Possible topics include but are not limited to:
• New initiatives in phenomenology;
• Phenomenology and the notion of ‘end’;
• Phenomenology and inheritance;
• The unfinished nature of phenomenology;
• The hermeneutic limits of phenomenology;
• Phenomenology and analytic philosophy;
• Phenomenology and meta-philosophy (phenomenology reflecting upon its own nature);
• Phenomenology and poetry;
• Phenomenology and the body;
• Phenomenology and the political;
• Phenomenology and religion.
Best Paper Prize:
The best graduate paper will receive a prize. In order to be eligible for the prize you must submit the paper in full by the 13th of May 2011.
-The deadline for abstract submission is 30th March 2011.
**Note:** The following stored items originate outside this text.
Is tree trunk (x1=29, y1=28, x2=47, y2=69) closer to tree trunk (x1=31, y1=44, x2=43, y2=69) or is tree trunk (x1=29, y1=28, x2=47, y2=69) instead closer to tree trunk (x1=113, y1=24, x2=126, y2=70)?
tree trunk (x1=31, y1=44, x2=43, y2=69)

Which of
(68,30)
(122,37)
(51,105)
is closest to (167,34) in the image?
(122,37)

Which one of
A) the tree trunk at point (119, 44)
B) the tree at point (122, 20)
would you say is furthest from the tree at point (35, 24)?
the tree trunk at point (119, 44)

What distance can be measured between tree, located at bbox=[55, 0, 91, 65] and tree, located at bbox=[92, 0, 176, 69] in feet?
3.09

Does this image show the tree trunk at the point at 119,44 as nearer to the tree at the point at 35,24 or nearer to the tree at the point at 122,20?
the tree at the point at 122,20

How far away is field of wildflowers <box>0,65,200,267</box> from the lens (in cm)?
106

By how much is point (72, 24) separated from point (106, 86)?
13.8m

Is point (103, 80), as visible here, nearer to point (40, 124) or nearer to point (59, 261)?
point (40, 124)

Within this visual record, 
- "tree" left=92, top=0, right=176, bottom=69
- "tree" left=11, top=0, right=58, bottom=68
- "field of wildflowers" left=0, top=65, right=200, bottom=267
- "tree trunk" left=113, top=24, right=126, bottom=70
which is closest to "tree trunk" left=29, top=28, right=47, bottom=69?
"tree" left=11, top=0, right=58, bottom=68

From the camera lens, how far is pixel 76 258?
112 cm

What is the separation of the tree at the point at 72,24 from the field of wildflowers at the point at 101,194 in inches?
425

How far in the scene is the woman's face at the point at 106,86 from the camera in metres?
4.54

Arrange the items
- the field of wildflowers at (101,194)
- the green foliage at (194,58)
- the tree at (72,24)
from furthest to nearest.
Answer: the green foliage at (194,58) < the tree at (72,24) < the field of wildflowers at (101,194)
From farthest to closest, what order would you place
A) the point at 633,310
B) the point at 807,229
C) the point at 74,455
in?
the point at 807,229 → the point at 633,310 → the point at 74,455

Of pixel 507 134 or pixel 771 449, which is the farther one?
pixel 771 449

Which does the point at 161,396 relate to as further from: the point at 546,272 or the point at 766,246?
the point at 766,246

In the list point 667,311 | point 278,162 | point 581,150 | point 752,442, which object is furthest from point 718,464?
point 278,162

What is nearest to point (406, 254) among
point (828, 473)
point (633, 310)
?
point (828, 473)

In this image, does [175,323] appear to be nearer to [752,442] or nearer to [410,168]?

-Speakers will receive confirmation by the 7th of April 2011.
-Each speaker shall be allocated 40 minutes in total: 20 minutes in which to deliver their talk and 20 minutes for Q&A. This format should allow graduate students to get essential and useful feedback on their work.
-The conference fee is £25 for each accepted speaker.
-This event is open to the public.
-For further information concerning travel and accommodation, please contact Jana Elsen (J.Elsen@sussex.ac.uk).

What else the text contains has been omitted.